■ Your instructions
In the material below, pictures must be dropped. Repeat exactly, and only, the lines from the line with "Изображение к статье: Больницы" to the line with "Trulli D'Angiò Vila", both ends included.

■ Data for analysis

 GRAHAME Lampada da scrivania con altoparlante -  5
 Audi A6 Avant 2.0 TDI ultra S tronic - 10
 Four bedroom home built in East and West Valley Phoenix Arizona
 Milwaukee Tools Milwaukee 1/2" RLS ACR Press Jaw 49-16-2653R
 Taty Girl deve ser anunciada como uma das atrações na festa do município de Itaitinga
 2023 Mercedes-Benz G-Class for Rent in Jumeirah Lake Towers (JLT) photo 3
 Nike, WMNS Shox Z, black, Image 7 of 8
---
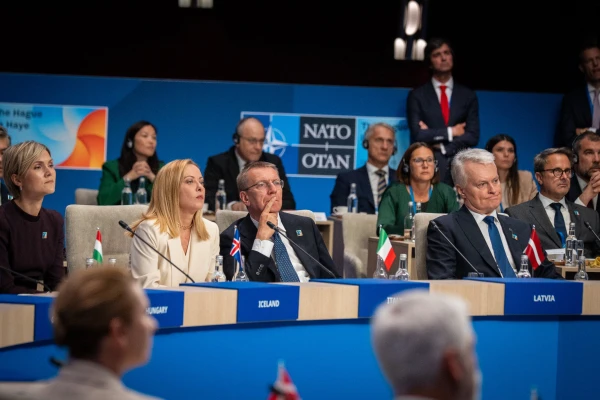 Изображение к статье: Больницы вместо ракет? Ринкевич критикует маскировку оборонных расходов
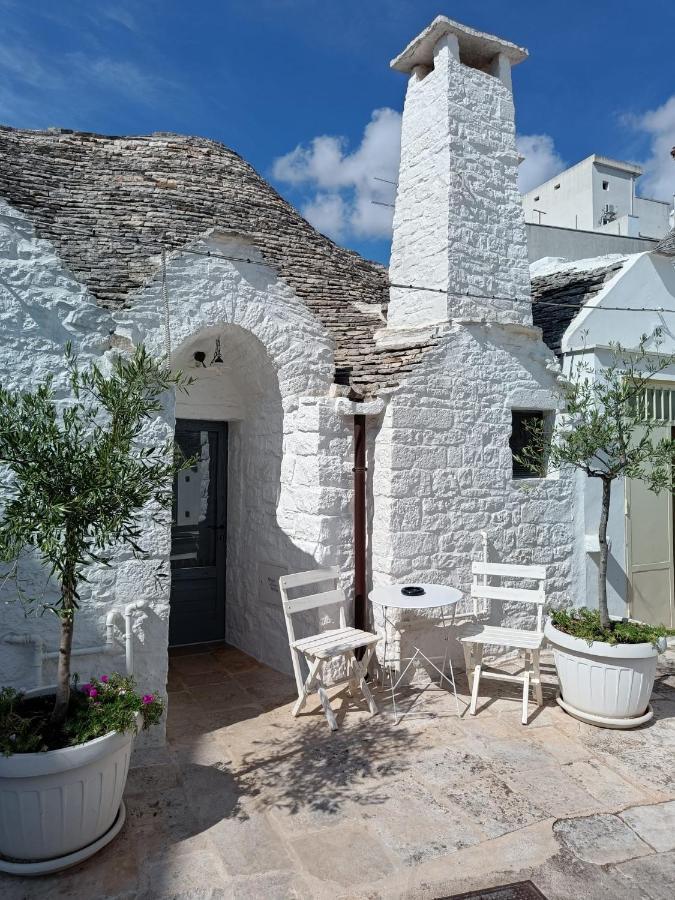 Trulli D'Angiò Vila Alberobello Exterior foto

■ Result
 Изображение к статье: Больницы вместо ракет? Ринкевич критикует маскировку оборонных расходов
 Trulli D'Angiò Vila Alberobello Exterior foto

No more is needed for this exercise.